Category Archives: travail intérieur

Le ridicule orgueil d’un fou

Dr. Michael LaitmanSi vous vous sentez mal, tout d’abord, vous devez comprendre pourquoi. La cause du mal est la brisure, qui eut lieu dans notre désir de recevoir du plaisir, après laquelle ce désir commença à travailler pour son propre bien.

Je dois apprendre tout cela. Si je travaille dans le groupe et le faire de manière correcte, je révélerai qu’il n’existe en réalité aucune autre force hostile, à part mon propre ego qui entrave tout ce que je fais et ne me laisse pas profiter de la vie.

C’est, actuellement, ce que l’humanité est en train de révéler progressivement. Il n’y a pas de mal en dehors de l’ego. Il est la cause de la souffrance dans le monde.

Je révèle tout cela, à la condition que j’essaie de me connecter aux autres et que je vois que je ne le souhaite pas. Alors, je découvre que «le Créateur a créé le mauvais penchant» et je réalise : «Ah, c’est le Créateur qui a fait tout cela» ….

En d’autres termes, je dois tout connecter au Créateur, et ce n’est pas facile. Je dois réaliser qu’Il a délibérément arrangé tout le mal pour moi et il l’a fait aussi cruellement et habilement afin de me révéler que je dépends complètement de Lui. C’est comme si Il me disait : «Tu devrais venir et t’incliner devant moi, et si tu demandes gentiment, je corrigerai ce mal pour toi. Mais si tu ne le fais pas, tu le recevras, portion après portion, à chaque fois de plus en plus fort, jusqu’à ce que tu n’ais plus d’autre choix que de t’incliner.  »

Nous devons réaliser que notre désir égoïste est plus grand que notre ego, plus grand que notre fierté. N’eut été l’inverse, nous nous battrions à mort, mais ne serions pas capable de nous incliner. Le salut est dans notre désir égoïste qui grandit à travers les niveaux minéral, végétal, et animal. Sous les coups, il s’amenuise qualitativement.

 

Je monte jusqu’au sommet de mes désirs et soudainement, je reçois un coup. Après cela, je ne vise plus aussi haut et deviens plus modeste. Puis, je reçois un autre coup et je m’incline encore d’avantage. Ainsi, coup après coup, je deviens plus intelligent et commence à chercher : Qui me frappe tout le temps, qui est au-dessus de moi ?

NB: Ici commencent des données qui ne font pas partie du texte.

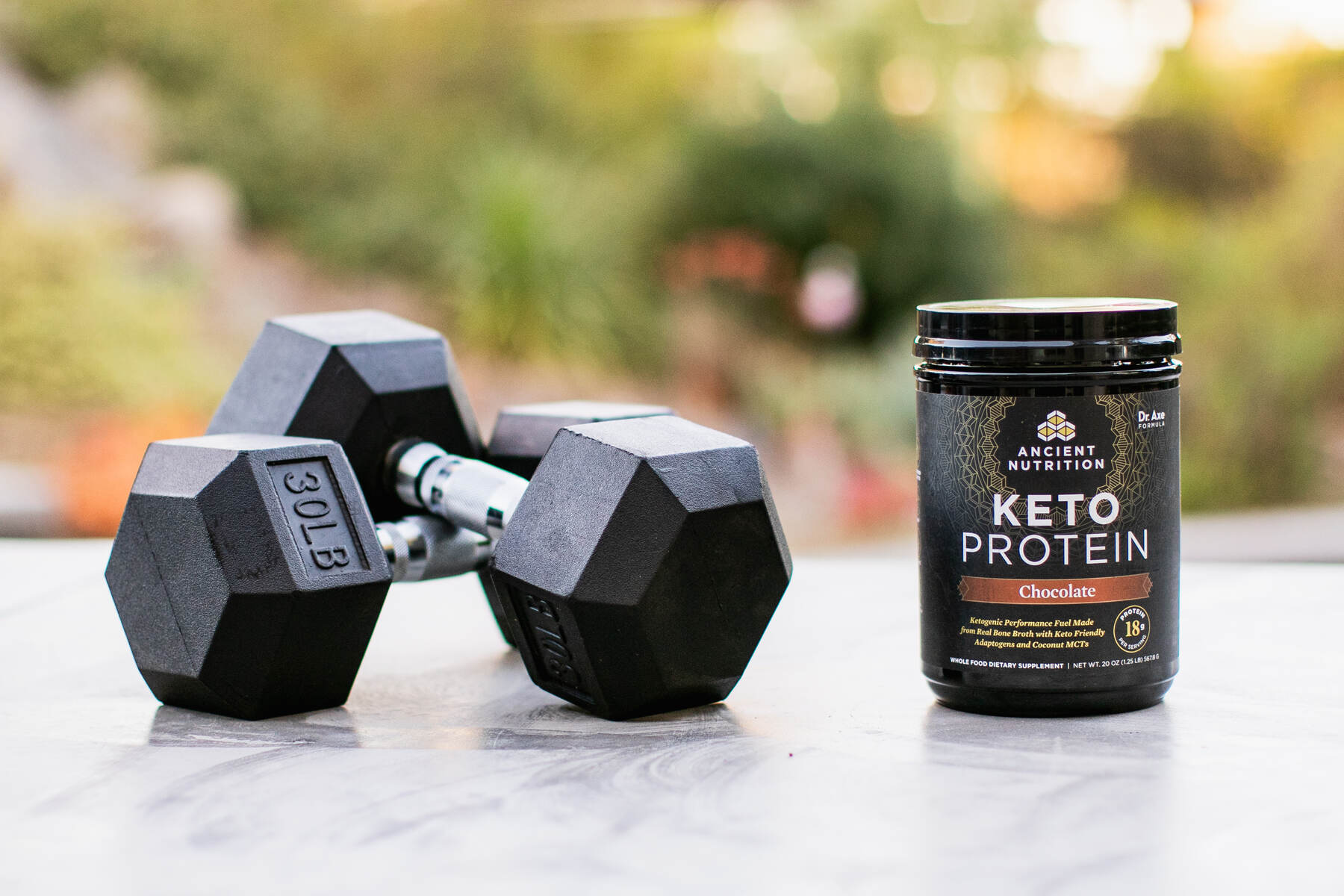 30lb dumbbells on a concreate table next to a container of Ancient Nutrition Keto Protein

En conséquence, je réduis mes désirs au point de me sentir comme un misérable animal, dépendant et intimidé. Le désir de recevoir du plaisir est la substance de la création. Tout le reste est juste un supplément, qui découle de l’équivalence de forme ou du manque d’équivalence avec le Créateur.

Ainsi, notre fierté disparaît sous les coups, pour ne laisser que le désir animal. Quand j’atteins un tel état, je suis prêt à incliner ma tête, je suis prêt à supplier. Mon orgueil insensé a disparu.

La question reste maintenant à savoir si je suis assez intelligent pour réaliser que je suis vraiment un animal et que toute mon auto suffisant orgueil est une tromperie. Je dois y renoncer à l’avance, m’abaisser, et demander au Créateur de me corriger. La correction réside dans le fait que le Créateur prend, à ma demande, le pouvoir sur moi. Si je parviens à une telle demande, c’est ma prière. Il n’y a aucune autre prière.

Cela exige beaucoup de force et de soutien des amis. Après tout, si vous parvenez à vous abaissez devant eux, ils vous donneront la force, multipliée de nombreuses fois, de vous incliner devant le Créateur. En cela, vous accélérez le temps, vous réduisez les coups, et à leurs places, vous faites avancer votre esprit.

Si vous vous abaissez un peu devant le groupe, ou comme Rabash écrit, si vous faites un zéro (0) de vous-même et faites du group un (1) et que vous le mettez face à vous, vous transformerez le 0 en « 10. « Si vous faites deux zéros de vous-même, vous les transformer en » 100 « , c’est-à-dire que vous recevrez 100 fois plus de force.

Voilà l’amplitude de la force que vous recevez de l’environnement, si vous vous abaissez devant lui même un peu. Plus vous vous ferez petit, plus vous obtiendrez de force de l’environnement pour avancer vers le Créateur. C’est une relation inverse.

Grâce à cela, vous économiserez beaucoup de temps et vous vous épargnerez des cycles de vie pleine de souffrances, des guerres et de graves problèmes. Voilà de quoi traite tout notre travail.

Comment percevoir le matériel: par le cœur ou l’esprit?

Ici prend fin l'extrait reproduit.